杉本伸夫
多面体とは4つ以上の平面で囲まれた立体のことで、面の数に従って四面体、五面体などと呼ばれます。多面体のどの面を延長してもその面が多面体を切らないような多面体を凸多面体といいます。多面体のなかで、すべての面が等しい正多角形でできていて、互いに隣あう面の成す角が等しいものは正多面体と呼ばれます。正多面体は、正四面体、正六面体(立方体)、正八面体、正十二面体、正二十面体の五種類に限られています。
数学の本にはおそらく上のような記述と共に、多面体の頂点、辺および面の数の間の関係を表わすオイラーの定理が述べられ、確かに正多面体は五種類しかないことが説明されるはずです。聞きかじったところによると、正多面体はユークリッドの「原論」の最終巻で取り扱われ、「原論」の目標とも言うべきものであるそうです。また、正多面体はプラトンの宇宙論の基礎ともなっているとのことです。
本文では、正多面体と正多面体の角を切った多面体、さらに、正多面体を基にして球形に近い多面体を設計する方法についてお話します。

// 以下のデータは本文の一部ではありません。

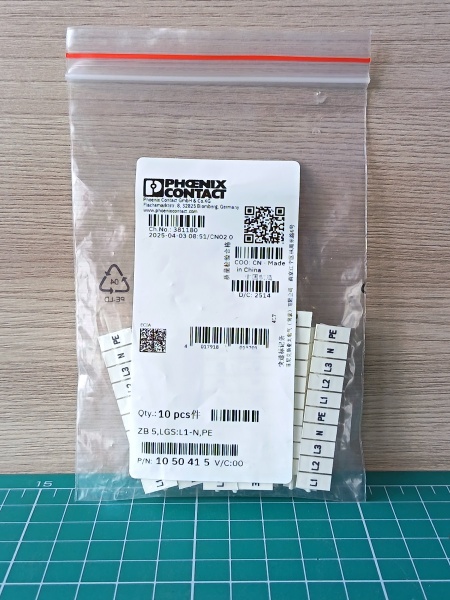 ZB 5,LGS:L1-N,PE Полоса Zack Phoenix Contact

本文でも、数学公式集に載っているような最小限の情報は入れておかないと申し訳ないので述べることにしますが、本当の目的は、著者がいろいろな多面体を作って楽しんだことの紹介といったことにあります。
実際に多面体を作ってながめてみると、よく考えれば当然のことではあっても、これまでは気がつかなかった面白いことを発見されるに違いないと思います。例えば、正六面体と正八面体、正十二面体と正二十面体は互いに面と角を入れ換えたいわば親戚の関係にあり、サッカーボールは正十二面体と正二十面体の間をつなぐ形になっていることなど、実際にながめてみればよくわかります。また、どんな多面体も個々の多角形とそのつなぎ方を正確に設計しておけば、全体の設計図はなくてもひたすら部分を作ることで全体が自然に出来てしまうということも身を持って体験できます。これなどは大きな分子がどのようにして自然にできるのかといったことや、組織論の話のネタにもなるものです。

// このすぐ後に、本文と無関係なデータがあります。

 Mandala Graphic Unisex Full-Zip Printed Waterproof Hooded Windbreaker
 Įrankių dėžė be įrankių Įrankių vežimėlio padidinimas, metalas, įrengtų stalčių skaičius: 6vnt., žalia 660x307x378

さて、本文では、まず、五種類の正多面体の性質を調べることから始めます。つぎに、サッカーボールのように正多面体の角を、切口が正多角形になるように一度だけ切った多面体について考えます。このような多面体はもちろん正多面体ではありませんが二種類の正多角形の面から構成され、頂点は全てひとつの球面上にあります。このような多面体の角をさらに切ったものの切口はもはや正多角形にはなりません。本文ではこのような多面体については考えません。

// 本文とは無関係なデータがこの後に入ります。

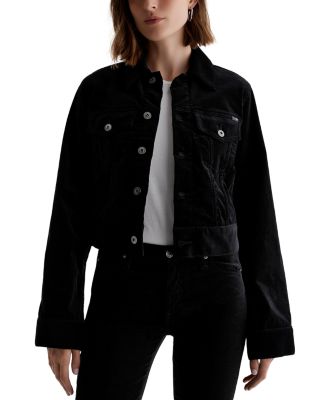 AG - Isa Cropped Denim Trucker Jacket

つぎに、正多面体を基礎として多面体を球に近づける方法について考えます。例えば、正二十面体を構成する正三角形を四つ、九つなど、の小さな三角形に分割して、しかも各頂点が球面上に来るように設計する方法です。この場合、分割の方法には任意性もあり、設計者の個性を発揮する余地もあります。このような手法は、ドームの設計、球面に貼るタイルの設計、ゴルフボールの窪み(ディンプル)の設計など応用分野が広いと思われます。フロリダのディズニーワールドのEPCOTセンターにはシンボルともなっている球形に近い多面体を基礎とする大きなドームがあります。この構造はかなり複雑で、本文ではこの構造を解析することはしませんが、たぶん基本的な設計方針は本文で述べるものと同様であると思われます。